Work to be completed:
The answer is the exact run of lines in the listing below from the line containing "WWDC: Apple officially" up to and including the line containing "[Ignition] 1:18 Mazda", with pictures removed.

Available data:
"""
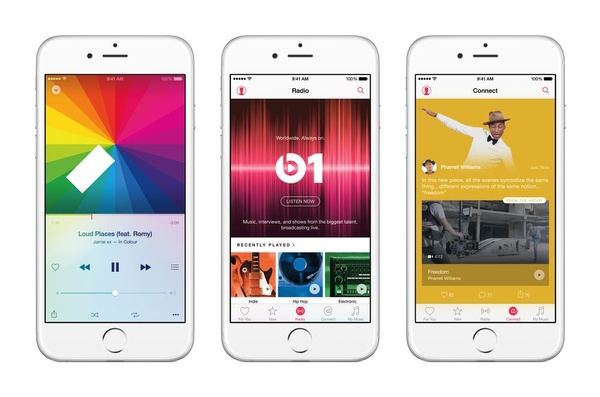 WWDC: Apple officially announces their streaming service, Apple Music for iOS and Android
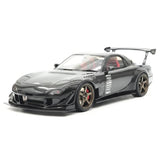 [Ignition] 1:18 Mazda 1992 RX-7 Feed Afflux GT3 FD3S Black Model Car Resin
"""
"""
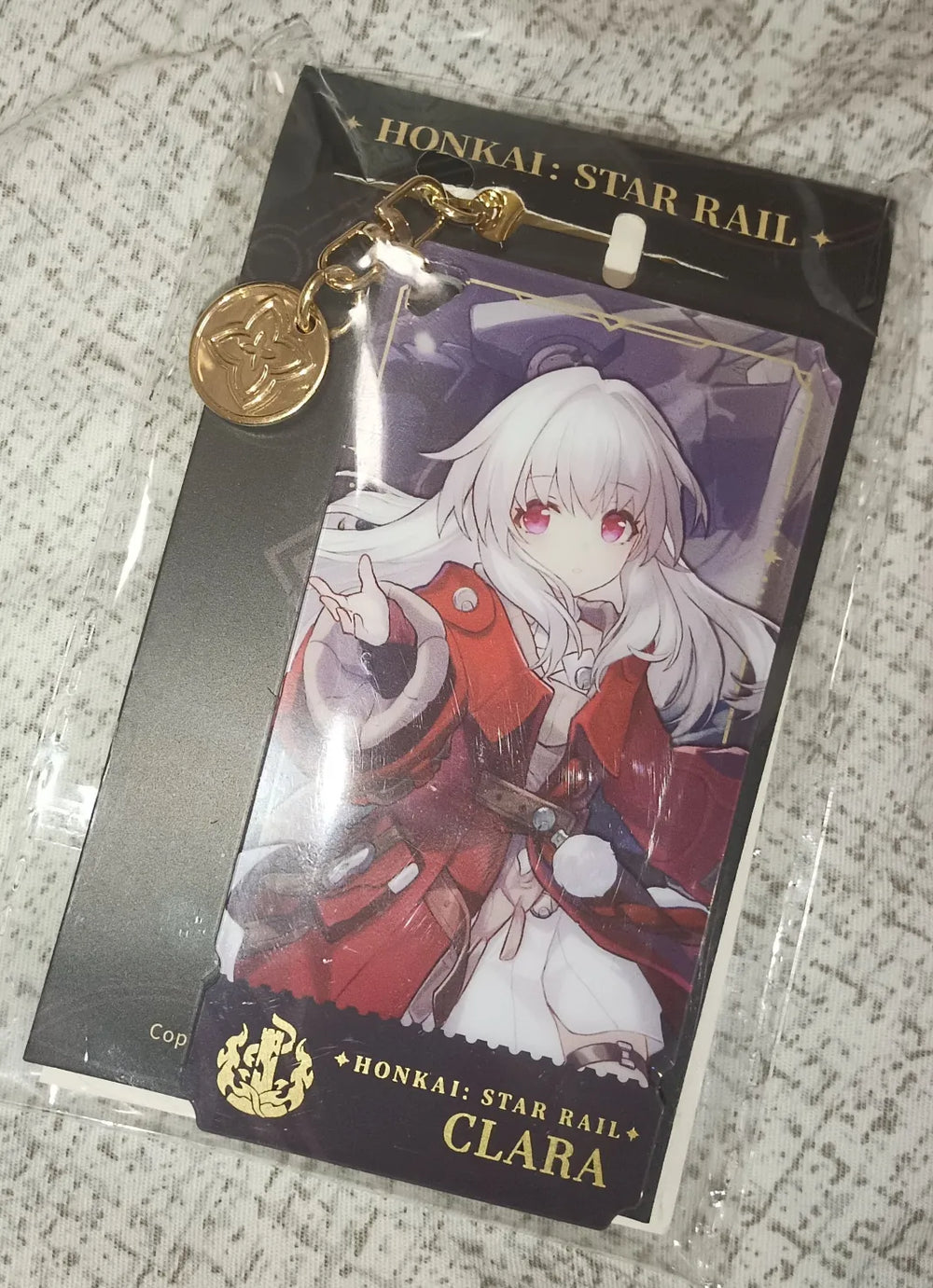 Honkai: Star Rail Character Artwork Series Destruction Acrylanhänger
"""
Response box:
 WWDC: Apple officially announces their streaming service, Apple Music for iOS and Android
 [Ignition] 1:18 Mazda 1992 RX-7 Feed Afflux GT3 FD3S Black Model Car Resin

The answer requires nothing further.